Duncan coughed and sucked in his first breath of returning life. The first breath always hurt the most, he'd discovered, but this one was especially anguishing because it brought a mouthful of sea water. Even as the first panic signal shot into his brain, his Immortal lungs clamped off and gave him a few precious seconds to flail instinctively toward what he hoped was the surface. Cold, fresh air slapped him in the face, and he dragged in as much air as he could, one gulp after the other.

It took several seconds for the panic to recede and sense of surrounding to assert itself. He pulled his sopping wet hair from his eyes and focused groggily on a wide expanse of ocean stretching all around him He saw no sign of the Varla Sorev, which meant he'd been dead for a little while. The white cliffs of Dover, three miles or so to the west, dimly reflected half shrouded moonlight. Duncan realized he was alone, and with a punch of fear to his gut wondered what had happened to Richie.

Something hummed at the edge of his senses, like a receding summer storm. Or like the hum of power lines, gradually fading. Duncan didn't hesitate. He dove down in the water, groping with his hands. He could see absolutely nothing. He went by his Immortal sense only, reaching, stretching, driving his protesting body harder, stretching more, desperate. His fingers grazed something soft and curly, and then found the shape of a human head.

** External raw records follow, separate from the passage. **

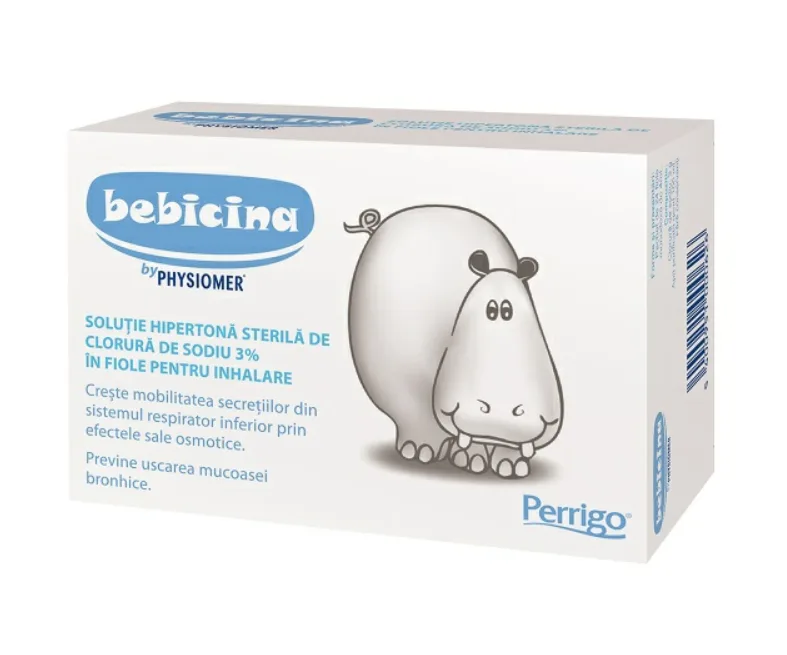 Ser fiziologic hipertonic 3% Bebicina, 24 fiole, Perrigo — preț și oferte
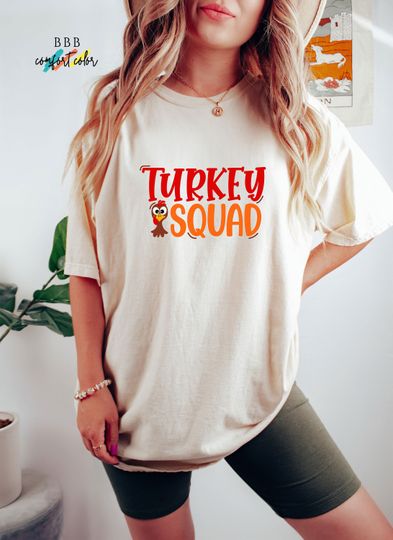 Discover Turkey Squad Shirt, Gobble Squad Shirt, Turkey Shirt
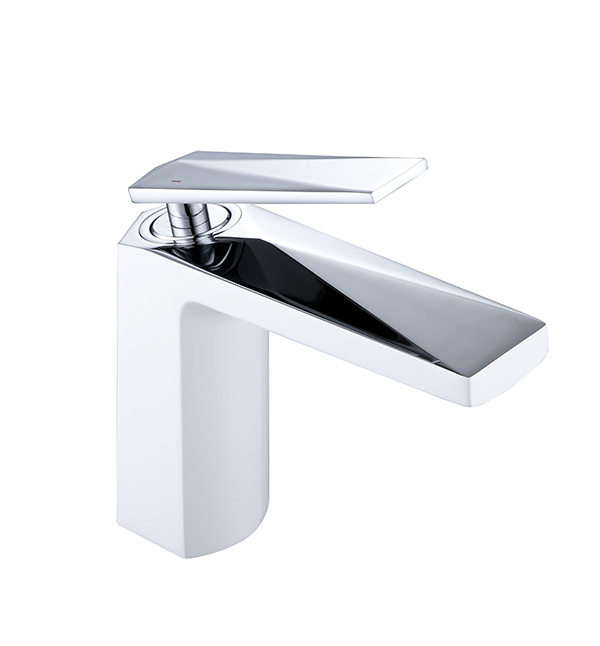 Смеситель для умывальника VENTURO белый + хром Смеситель для умывальника VENTURO белый + хром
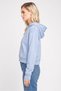 Women Plain Long Sleeve Hoodie, Light Blue - 3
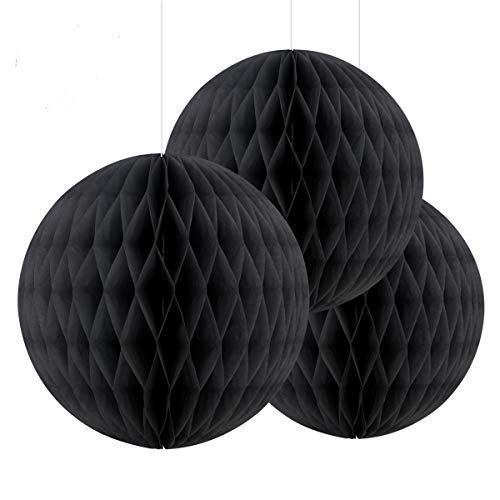 3pcs BLACK honneycombs 8inch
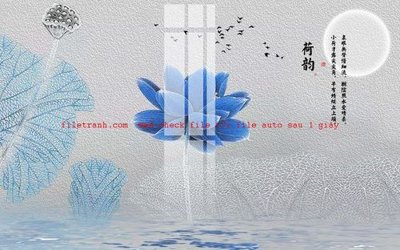 File gốc File gốc in tranh nền tường tổng hợp K57497 (cho in UV) siêu nét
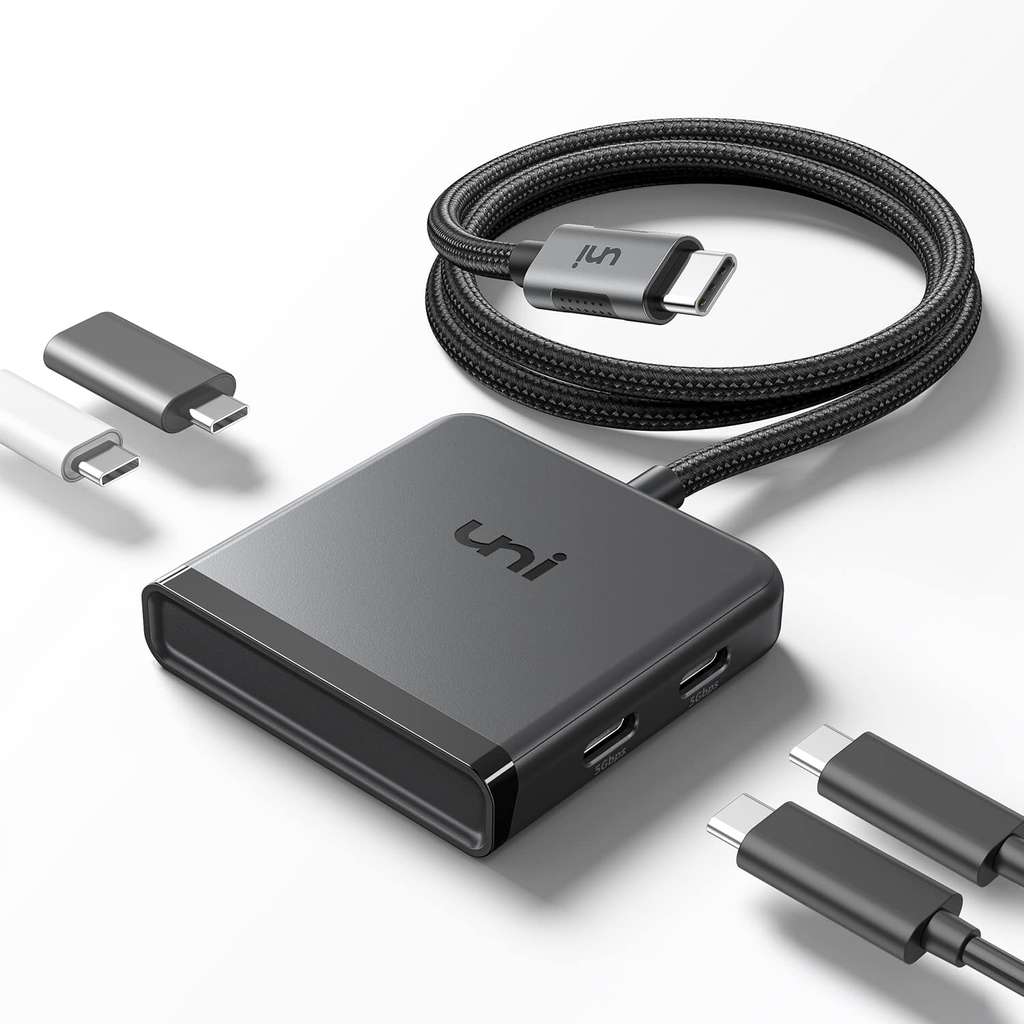 USB C Hub 4 Ports, uni USB C to USB C Adapter with 4 USB Type C Port - w/Voucher, Sold By Yooyee FBA
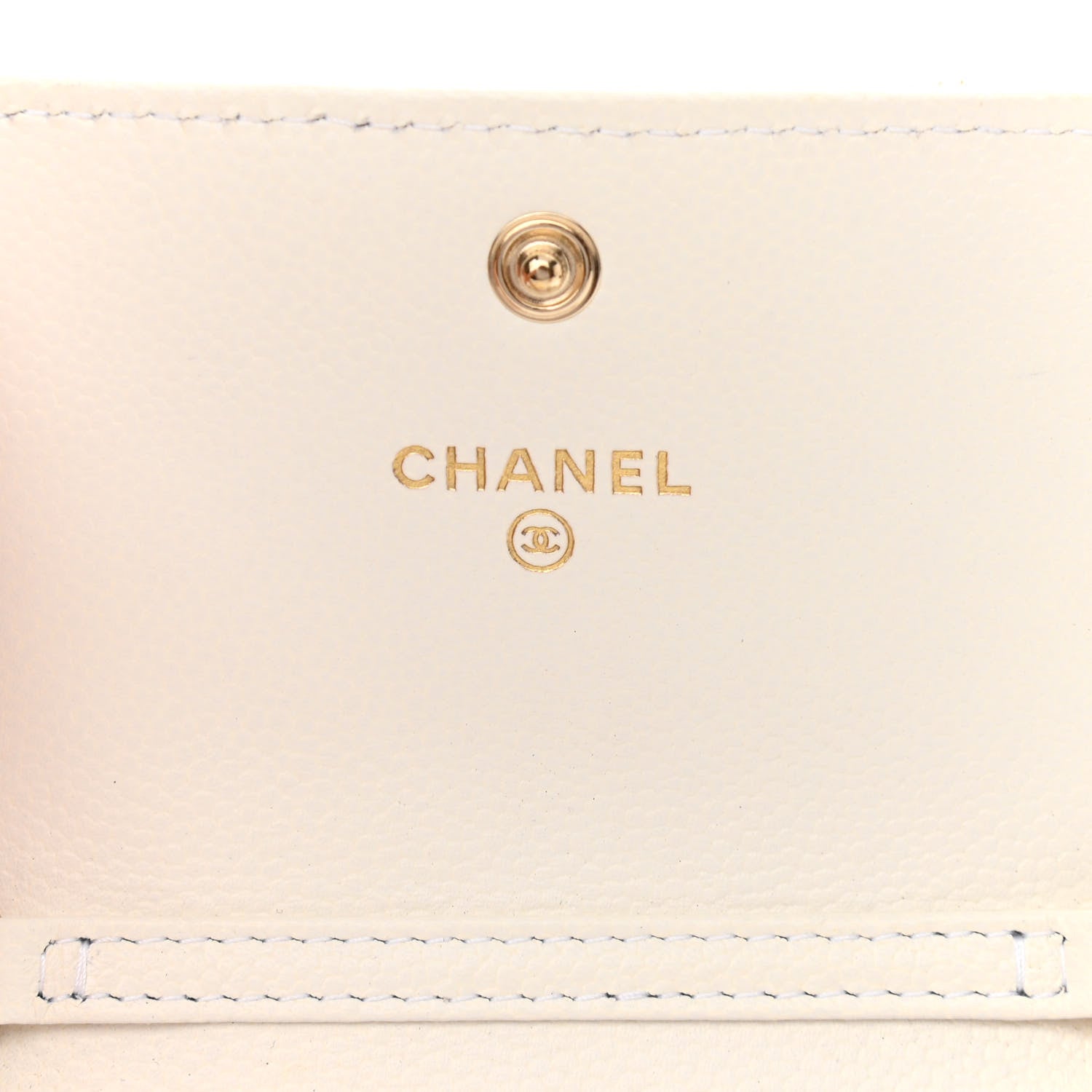 Chanel Caviar Quilted Boy Card Holder On Chain White 5 of 14
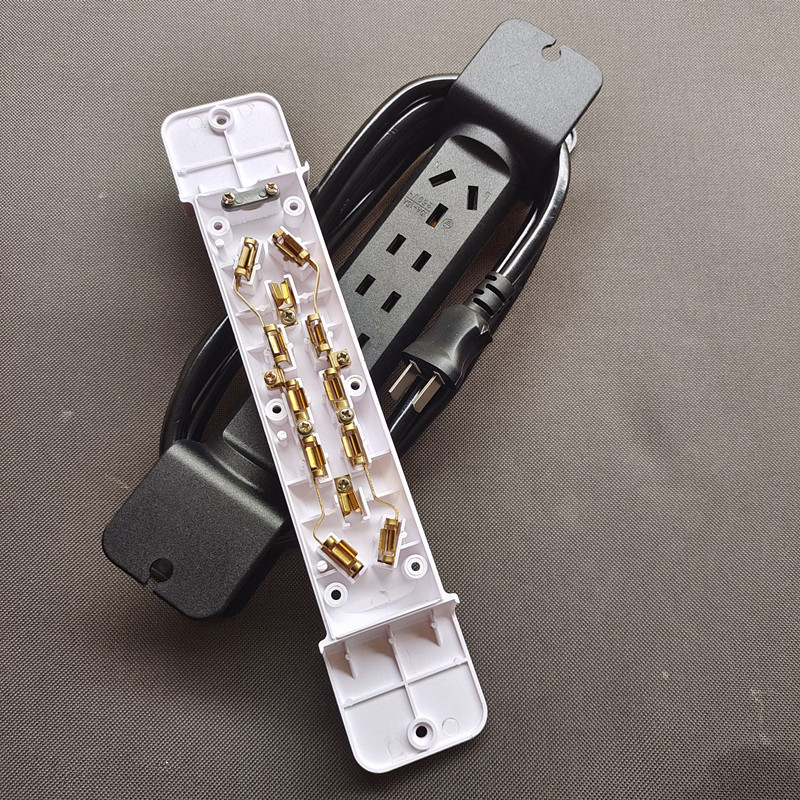 纯铜户外电源线插板插座2芯电线软线接线板5/10/15米延长线绕线盘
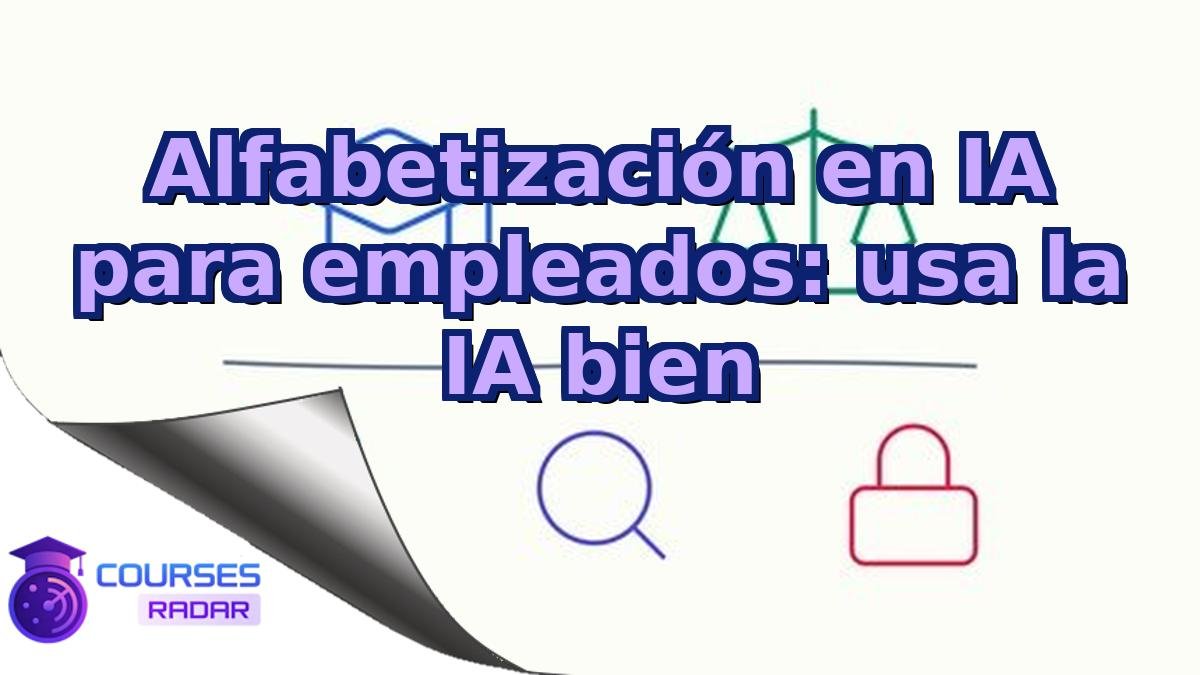 Alfabetización en IA para empleados: usa la IA bien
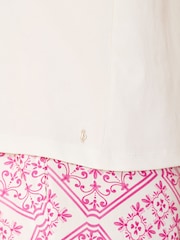 B by Ted Baker Pink Lemon Viscose Cotton Pyjamas - Image 6 of 8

Duncan pulled the body towards the surface first by its head and then by a limp arm. By the time they reached air, Richie's hum had faded to a barely perceived whisper, and the teenager wasn't breathing. In a minute or so the hum would silence and return as the flare of a full-fledged Immortal. Then Richie Ryan would return to a life stranger and even more dangerous than the one he'd just left.

"Not yet!" Duncan snapped, shaking Richie vigorously. Richie's head lolled, his lips dark, his eyes unseeing. Duncan turned him around, wrapped his powerful arms around his waist, and gave him a water-borne version of the Heimlich maneuver.

Nothing.

"Damn it, don't you die on me! Not yet!" Duncan ordered, fear slicing his voice into little bits. He thrust his fists upward and inward above Richie's navel. Water choked out of the teen's mouth, and the hum of a pre-Immortal returned to Duncan's brain.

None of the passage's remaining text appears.